Your answer should be the lines of the data below that contain "View".

#### PROVIDED ENTRIES:
Segment Open
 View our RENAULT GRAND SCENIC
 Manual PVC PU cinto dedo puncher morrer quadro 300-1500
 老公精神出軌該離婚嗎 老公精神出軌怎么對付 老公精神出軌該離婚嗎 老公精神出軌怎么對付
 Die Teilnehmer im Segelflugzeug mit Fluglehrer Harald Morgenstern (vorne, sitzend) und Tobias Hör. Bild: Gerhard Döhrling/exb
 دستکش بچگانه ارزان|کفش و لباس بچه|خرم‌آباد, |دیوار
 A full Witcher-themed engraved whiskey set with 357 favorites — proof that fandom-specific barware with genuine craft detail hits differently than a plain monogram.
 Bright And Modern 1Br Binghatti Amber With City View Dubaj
Segment Closed
Segment Open
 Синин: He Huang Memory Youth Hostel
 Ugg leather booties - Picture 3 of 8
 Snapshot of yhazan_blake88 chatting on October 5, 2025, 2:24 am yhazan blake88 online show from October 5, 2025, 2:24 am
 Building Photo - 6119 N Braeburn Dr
Segment Closed
#### OUTPUT BELOW:
 View our RENAULT GRAND SCENIC
 Bright And Modern 1Br Binghatti Amber With City View Dubaj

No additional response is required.